Nello specifico, il regista è alla ricerca della griglia di relazioni binarie che gli è parso di rintracciare all’interno del testo di Pirandello: nessun personaggio gode di autosufficienza, ciascuno acquista forma e valore solo in relazione all’altro, al suo doppio e contrario. Tutti sono parte di un gioco al massacro creato per smontare a vista il meccanismo teatrale.

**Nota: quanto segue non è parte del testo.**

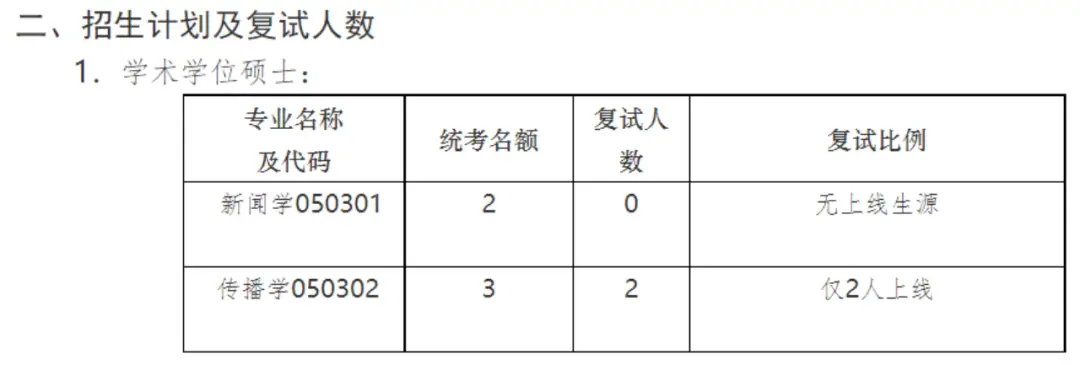 北京电子科技学院录取结果查询_北京电子科技学院录取线_北京电子科技学院录取查询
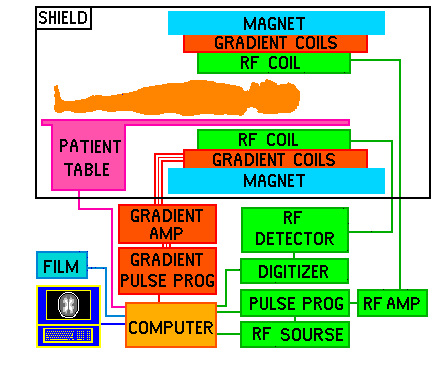 Aparatura MRI:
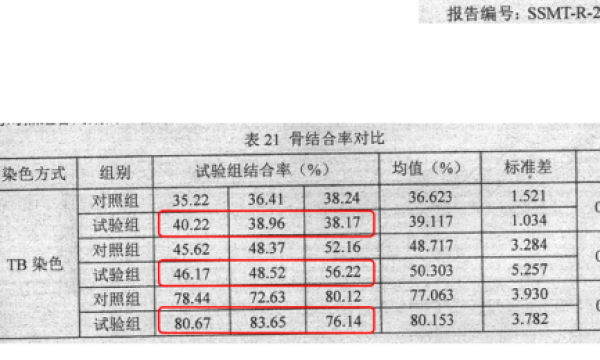 SLA表面处理技术突破，AngelAdore打造高效骨结合解决方案，赋能临床种植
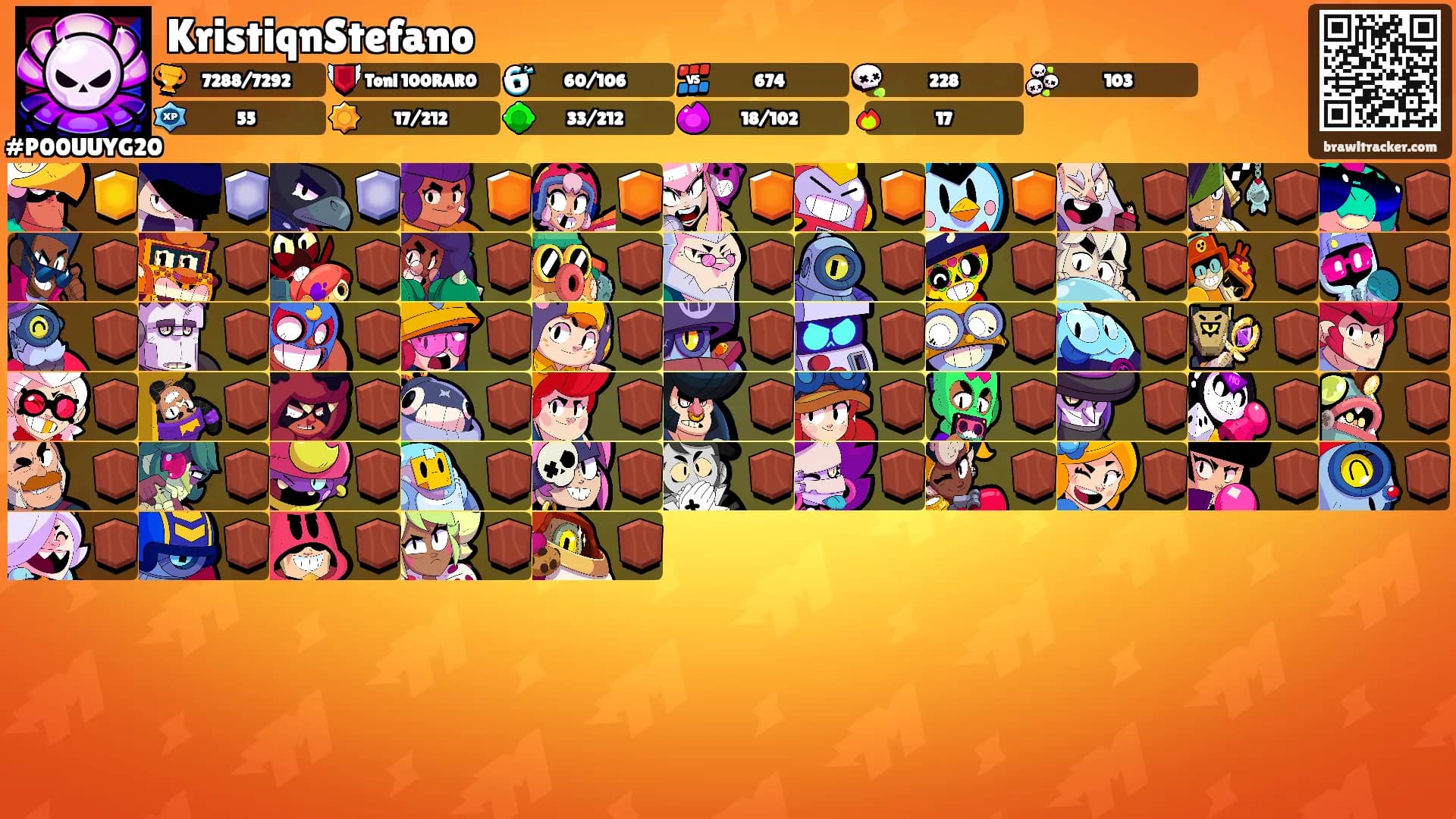 KristiqnStefano's Ranks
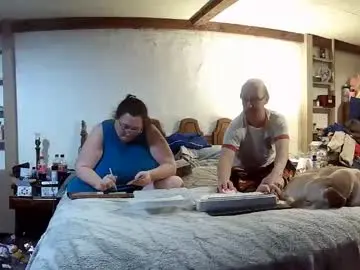 Chaturbate Free Porn Cam of sweetandsour69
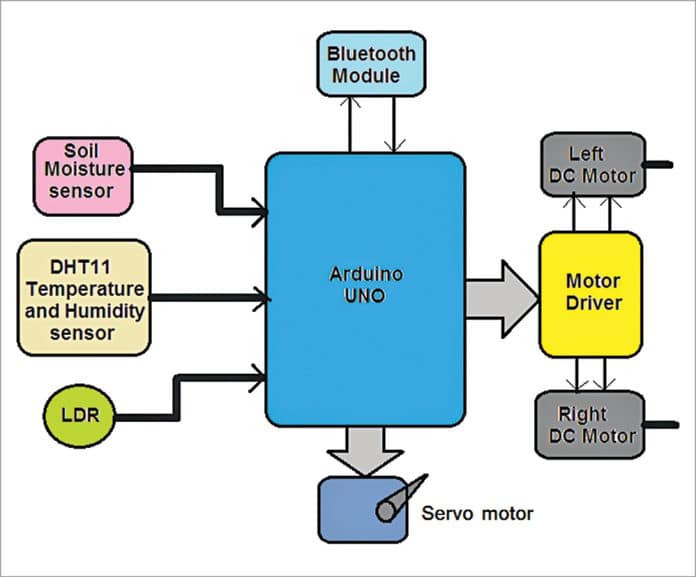 Bluetooth Controlled Data Logger Robot For Soil Testing
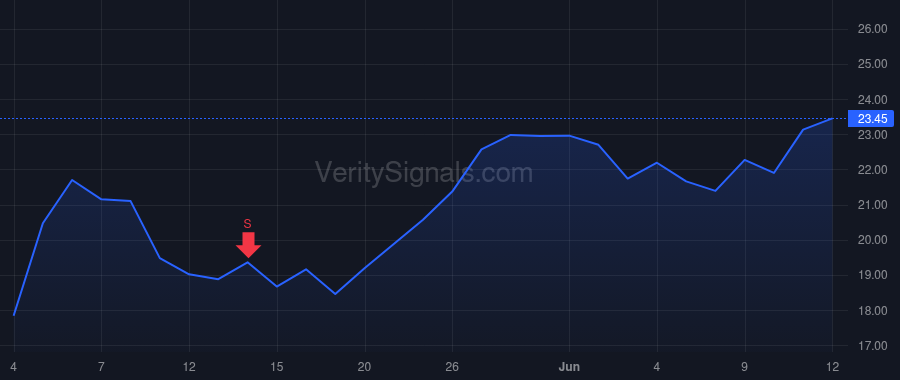 LIND price after insider trade by Byus Trey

Autelli spinge con forza sul pedale del gioco, chiedendo agli attori di addentrarsi con fiducia in una dimensione ludica. Nella sua visione i personaggi del dramma non perseguono alcun principio comune, si dimenano in una situazione assurda in cui ciascuno insegue un proprio progetto di recita a soggetto dal momento che, per paradosso, il soggetto, la trama sono proprio gli elementi che vengono a mancare nel testo. Così il melodramma immaginato dalla prima attrice inciampa e cade su l’idea di recita a soggetto del primo attore, producendo un annientamento di entrambi gli obiettivi. A interessare il regista sono proprio urti violenti di questo tipo, le interruzioni delle dinamiche in atto tra i partecipanti al gioco, l’esplosione delle relazioni. Catapultati in questo progetto di regia riconoscibile ma ancora in fase di evoluzione, i sei attori faticano non poco per restare dentro il recinto ritagliato da Autelli. Trovare una solidità scenica in cui sentirsi liberi se si lavora in direzioni ogni volta diverse non è cosa semplice: Autelli però non chiede solidità, e la sperimentazione si nutre principalmente di una condizione di spiazzamento permanente.